Distributed Workers Sample - Confirmation to WorkManager leads to dead-letters for long-running work items

I am experimenting with akka-sample-distributed-workers-scala. In my case, I have several work items that are quickly executed (<1sec) but also a few that take up to 1-3 minutes. My problem is that after each of these long-running work items is finished, Worker sends back a confirmation to the WorkManager ( confirmTo ! ConsumerController.Confirmed), but these messages do not arrive at the WorkManager actor.

I always get:

[2020-07-02 22:33:58,726] [INFO] [akka://ClusterSystem@127.0.0.1:5002] [worker.Worker$$anonfun$idle$1] [ClusterSystem-akka.actor.default-dispatcher-14] [akka://ClusterSystem/user/worker-2] - Work is complete. Result 0 * 0 = 0
[2020-07-02 22:33:58,738] [INFO] [akka://ClusterSystem@127.0.0.1:2551] [akka.remote.RemoteActorRefProvider$RemoteDeadLetterActorRef] [ClusterSystem-akka.actor.default-dispatcher-32] [akka://ClusterSystem/deadLetters] - Message [java.lang.Long] to Actor[akka://ClusterSystem/deadLetters] was not delivered. [1] dead letters encountered. If this is not an expected behavior then Actor[akka://ClusterSystem/deadLetters] may have terminated unexpectedly. This logging can be turned off or adjusted with configuration settings 'akka.log-dead-letters' and 'akka.log-dead-letters-during-shutdown'.
[2020-07-02 22:33:58,738] [INFO] [akka://ClusterSystem@127.0.0.1:2551] [akka.remote.RemoteActorRefProvider$RemoteDeadLetterActorRef] [ClusterSystem-akka.actor.default-dispatcher-32] [akka://ClusterSystem/deadLetters] - Message [java.lang.Long] to Actor[akka://ClusterSystem/deadLetters] was not delivered. [2] dead letters encountered. If this is not an expected behavior then Actor[akka://ClusterSystem/deadLetters] may have terminated unexpectedly. This logging can be turned off or adjusted with configuration settings 'akka.log-dead-letters' and 'akka.log-dead-letters-during-shutdown'.

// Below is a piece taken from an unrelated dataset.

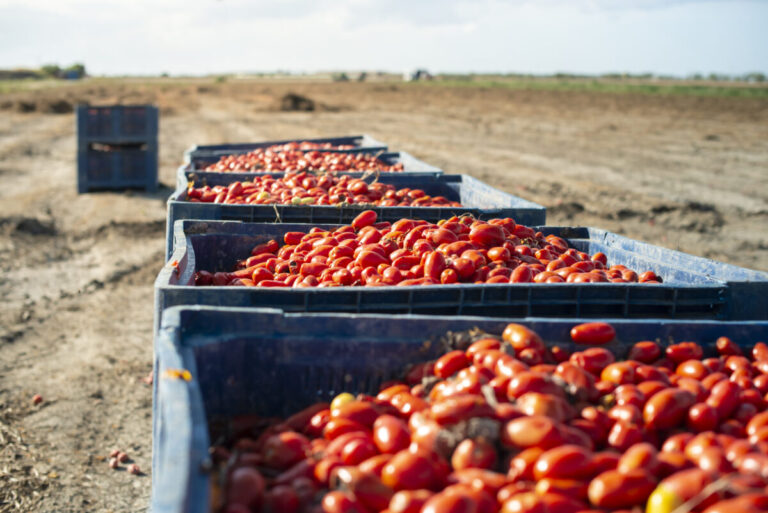 Scopri di più sull'articolo Pomodoro da industria, nasce il primo progetto di “Mediterranea” per sostenere l’alta qualità dell’export agroalimentare italiano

I don’t understand what is causing this. Is there an internal timeout that destroys the WorkManager actor? This issue can be easily reproduced in the following ways:

  • WorkManager.scala: Increase timeout, e.g., implicit val timeout = Timeout(10.minutes)
  • WorkExecutor.scala:
ctx.scheduleOnce(
          75000.millis, // Strangely, 60000.millis seems to be the upper bound
          doWork.replyTo,
          WorkComplete(result)
        )

That is probably configuration akka.reliable-delivery.work-pulling.producer-controller.internal-ask-timeout, which by default is 1 minute.

Thanks a lot! This solved my issue. :grinning:

Can be closed.